= Task data =
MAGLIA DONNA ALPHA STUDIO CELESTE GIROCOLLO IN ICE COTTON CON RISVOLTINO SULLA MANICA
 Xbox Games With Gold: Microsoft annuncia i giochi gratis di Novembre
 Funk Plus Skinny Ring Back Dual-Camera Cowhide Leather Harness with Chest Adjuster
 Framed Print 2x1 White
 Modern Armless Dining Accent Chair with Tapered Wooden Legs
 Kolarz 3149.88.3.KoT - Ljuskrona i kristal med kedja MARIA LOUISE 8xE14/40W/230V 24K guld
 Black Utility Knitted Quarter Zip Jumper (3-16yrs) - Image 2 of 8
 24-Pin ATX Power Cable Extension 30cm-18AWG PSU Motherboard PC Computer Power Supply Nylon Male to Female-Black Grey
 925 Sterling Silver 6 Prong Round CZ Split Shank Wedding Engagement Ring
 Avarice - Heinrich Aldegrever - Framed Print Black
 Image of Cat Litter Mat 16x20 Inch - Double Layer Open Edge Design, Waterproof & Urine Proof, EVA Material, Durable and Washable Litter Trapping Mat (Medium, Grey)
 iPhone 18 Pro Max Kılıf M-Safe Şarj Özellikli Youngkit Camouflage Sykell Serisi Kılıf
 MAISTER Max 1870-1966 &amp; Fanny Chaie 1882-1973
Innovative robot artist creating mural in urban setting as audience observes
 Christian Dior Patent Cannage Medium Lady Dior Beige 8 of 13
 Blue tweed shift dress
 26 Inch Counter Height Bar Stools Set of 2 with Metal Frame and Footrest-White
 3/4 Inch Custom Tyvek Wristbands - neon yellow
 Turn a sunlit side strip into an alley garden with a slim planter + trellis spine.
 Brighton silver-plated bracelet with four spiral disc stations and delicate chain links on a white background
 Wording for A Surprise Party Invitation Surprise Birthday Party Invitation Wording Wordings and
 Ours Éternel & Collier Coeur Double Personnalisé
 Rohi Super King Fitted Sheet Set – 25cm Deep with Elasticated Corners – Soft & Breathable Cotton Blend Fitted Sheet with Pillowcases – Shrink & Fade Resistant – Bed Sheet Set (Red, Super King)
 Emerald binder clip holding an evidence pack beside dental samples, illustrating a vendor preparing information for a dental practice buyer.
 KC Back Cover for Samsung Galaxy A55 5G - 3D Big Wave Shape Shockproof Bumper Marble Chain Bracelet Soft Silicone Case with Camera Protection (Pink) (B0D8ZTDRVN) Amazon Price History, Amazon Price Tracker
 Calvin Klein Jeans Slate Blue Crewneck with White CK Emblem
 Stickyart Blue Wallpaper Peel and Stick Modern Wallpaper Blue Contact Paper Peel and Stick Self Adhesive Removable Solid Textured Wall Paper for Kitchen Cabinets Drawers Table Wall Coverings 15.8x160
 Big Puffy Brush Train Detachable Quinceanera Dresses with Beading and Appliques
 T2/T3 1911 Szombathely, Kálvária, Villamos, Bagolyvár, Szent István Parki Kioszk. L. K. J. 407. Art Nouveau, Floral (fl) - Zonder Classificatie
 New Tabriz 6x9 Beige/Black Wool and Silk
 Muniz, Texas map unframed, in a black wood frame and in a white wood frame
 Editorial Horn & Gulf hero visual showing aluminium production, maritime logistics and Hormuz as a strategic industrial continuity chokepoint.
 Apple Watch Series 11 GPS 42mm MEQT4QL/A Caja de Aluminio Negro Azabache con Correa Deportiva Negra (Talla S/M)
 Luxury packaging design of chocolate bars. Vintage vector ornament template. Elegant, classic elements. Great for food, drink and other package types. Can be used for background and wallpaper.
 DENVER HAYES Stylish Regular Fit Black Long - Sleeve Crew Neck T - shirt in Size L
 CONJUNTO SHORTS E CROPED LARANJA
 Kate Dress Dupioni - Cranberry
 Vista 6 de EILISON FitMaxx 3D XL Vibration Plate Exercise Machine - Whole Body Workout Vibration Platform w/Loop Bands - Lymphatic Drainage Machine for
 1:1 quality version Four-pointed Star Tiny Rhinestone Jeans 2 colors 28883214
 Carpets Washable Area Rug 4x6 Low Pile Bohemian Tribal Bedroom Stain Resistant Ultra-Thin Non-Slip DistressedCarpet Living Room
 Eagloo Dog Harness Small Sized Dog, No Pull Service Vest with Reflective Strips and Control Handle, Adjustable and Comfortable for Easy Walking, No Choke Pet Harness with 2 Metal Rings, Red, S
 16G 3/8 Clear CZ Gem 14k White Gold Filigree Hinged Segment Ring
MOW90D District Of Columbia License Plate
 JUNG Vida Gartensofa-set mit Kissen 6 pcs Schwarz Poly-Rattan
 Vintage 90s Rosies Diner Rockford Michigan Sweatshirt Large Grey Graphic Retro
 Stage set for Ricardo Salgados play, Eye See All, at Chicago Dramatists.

= Task brief =
Where a line above includes "Resistant", copy that line.

= Answer =
 Rohi Super King Fitted Sheet Set – 25cm Deep with Elasticated Corners – Soft & Breathable Cotton Blend Fitted Sheet with Pillowcases – Shrink & Fade Resistant – Bed Sheet Set (Red, Super King)
 Carpets Washable Area Rug 4x6 Low Pile Bohemian Tribal Bedroom Stain Resistant Ultra-Thin Non-Slip DistressedCarpet Living Room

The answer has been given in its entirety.